To build the package, run:

```sh
python -m build
```

This will create a `dist` directory containing both a source distribution (`.tar.gz`) and a wheel (`.whl`).

### Deploying to PyPI

To upload to PyPI:

```sh
twine upload dist/*
```

You'll be prompted for your PyPI username and password.
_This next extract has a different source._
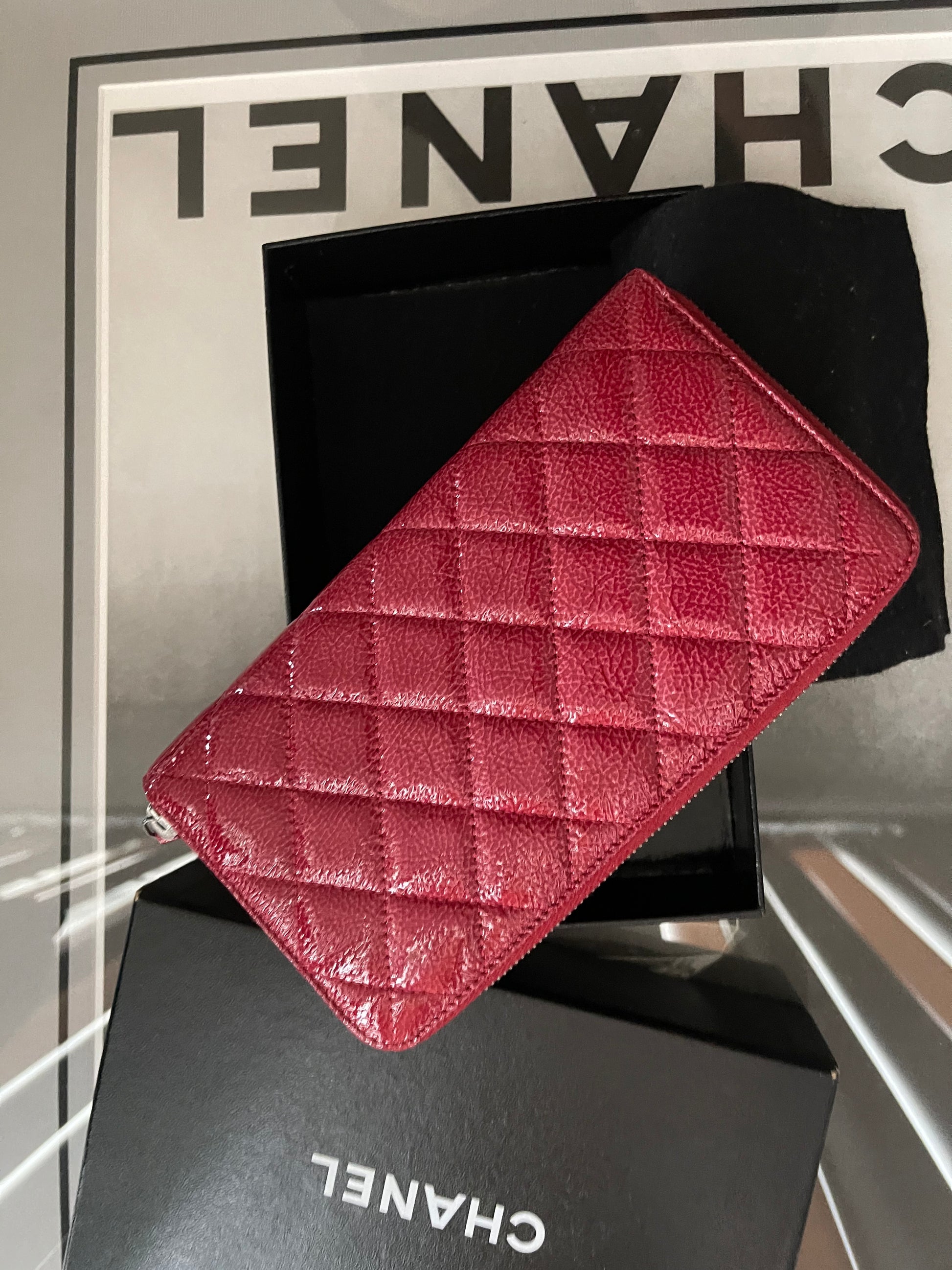 Chanel CC Brilliant Zip-Around Red Quilted Patent Leather Wallet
For security, it's recommended to use an API token instead of your password.

## Usage

### Creating a Pydantic Model from a Contract

To convert a data contract into a Pydantic model, follow these steps:

```python
from data_sitter import Contract

contract_dict = {
    "name": "test",
    "fields": [
        {
            "name": "FID",
            "type": "Integer",
            "rules": ["Positive"]
        },
        {
            "name": "SECCLASS",
            "type": "String",
            "rules": [
                "Validate Not Null",
                "Value In ['UNCLASSIFIED', 'CLASSIFIED']",
            ]
        }
    ],
}

contract = Contract.from_dict(contract_dict)
pydantic_contract = contract.pydantic_model
```

### Using Rule References

Data-Sitter allows you to define reusable values in the `values` key and reference them in field rules using `$values.[key]`. For example:

```json
{
    "name": "example_contract",
    "fields": [
        {
            "name": "CATEGORY",
            "type": "String",
            "rules": ["Value In $values.categories"]
        },
        {
            "name": "NAME",
            "type": "String",
            "rules": [
                "Length Between $values.min_length and $values.max_length"
            ]
        }

    ],
    "values": {"categories": ["A", "B", "C"], "min_length": 5,"max_length": 50}
}
```

## Available Rules

The available validation rules can be retrieved programmatically:

```python
from data_sitter import RuleRegistry

rules = RuleRegistry.get_rules_definition()
print(rules)
```

### Rule Definitions

Below are the available rules grouped by field type:

#### Base

- Is not null

#### String - (Inherits from `Base`)

- Is not empty
- Starts with {prefix:String}
- Ends with {suffix:String}
- Is not one of {possible_values:Strings}
- Is one of {possible_values:Strings}
- Has length between {min_val:Integer} and {max_val:Integer}
- Has maximum length {max_len:Integer}
- Has minimum length {min_len:Integer}
- Is uppercase
- Is lowercase
- Matches regex {pattern:String}
- Is valid email
- Is valid URL
- Has no digits

#### Numeric - (Inherits from `Base`)

- Is not zero
- Is positive
- Is negative
- Is at least {min_val:Number}
- Is at most {max_val:Number}
- Is greater than {threshold:Number}
- Is less than {threshold:Number}
- Is not between {min_val:Number} and {max_val:Number}
- Is between {min_val:Number} and {max_val:Number}

#### Integer  - (Inherits from `Numeric`)

#### Float  - (Inherits from `Numeric`)

- Has at most {decimal_places:Integer} decimal places

## Contributing

Contributions are welcome! Feel free to submit issues or pull requests in the [GitHub repository](https://github.com/lcandea/data-sitter).

## License

Data-Sitter is licensed under the MIT License.